August 3 2015 Latest news:
By SAM WILLIAMS, Senior business writer
Wednesday, January 12, 2011
Financial advisors at Norwich and Peterborough Building Society could become tied agents for Aviva under proposals between the two firms.
The parties have confirmed they are in “advanced talks” over a deal which would see N&P’s 21 financial advisors sell and advise on Aviva products.
A review at N&P is currently under way, and while a decision is not expected until later in January sources close to the negotiations say approval is likely.
The move comes ahead of changes in financial advice regulation under the government’s Retail Distribution Review (RDR), which is expected to increase the cost and complexity of financial advice provision.

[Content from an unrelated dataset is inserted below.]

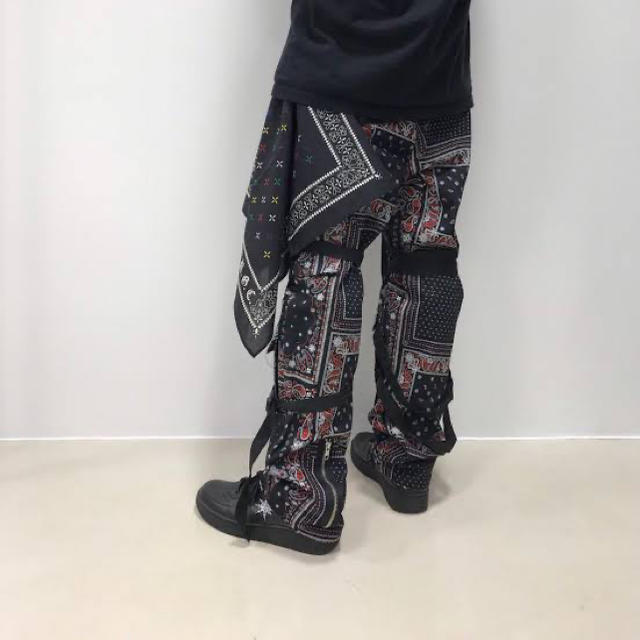 OFF-WHITE(オフホワイト)のrogic paisley pants black S メンズのパンツ(ワークパンツ/カーゴパンツ)の商品写真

N&P’s financial advisers have come under fire recently after advising thousands of the society’s members to invest a total of £50m in finance firm Keydata, which collapsed in June 2009, which has seen the society face a class action from policyholders and a possible fine by regulator the Financial Services Authority (FSA).
But the controversy is not believed to be a reason for the move.
Aviva - Norwich’s biggest private sector employer - already has tied financial advisors at number of banks and building societies, including Principality Building Society.
A statement from N&P said: “We are reviewing the provision of independent financial advice in our branches.
“The review, which is due to be completed by the end of January, is being carried out against a backdrop of the FSA’s own industry review into the provision of financial advice for retail investments.
“The retail distribution review is likely to bring about significant changes to the regulatory framework surrounding how financial advice is offered in the near future, including an expected increase in the complexity and cost of providing this advice as a result of the RDR.”
An Aviva spokesman added: “I can confirm Aviva is negotiating with N&P to give the society’s customers financial advice.
“We already have financial advisers with a number of leading banks and building societies. It is a model we know very well which works very well for us and our customers.
“The talks are advanced.”
Earlier in the week N&P chief executive Matthew Bullock, 61, announced his retirement after 12 years when a successor is found.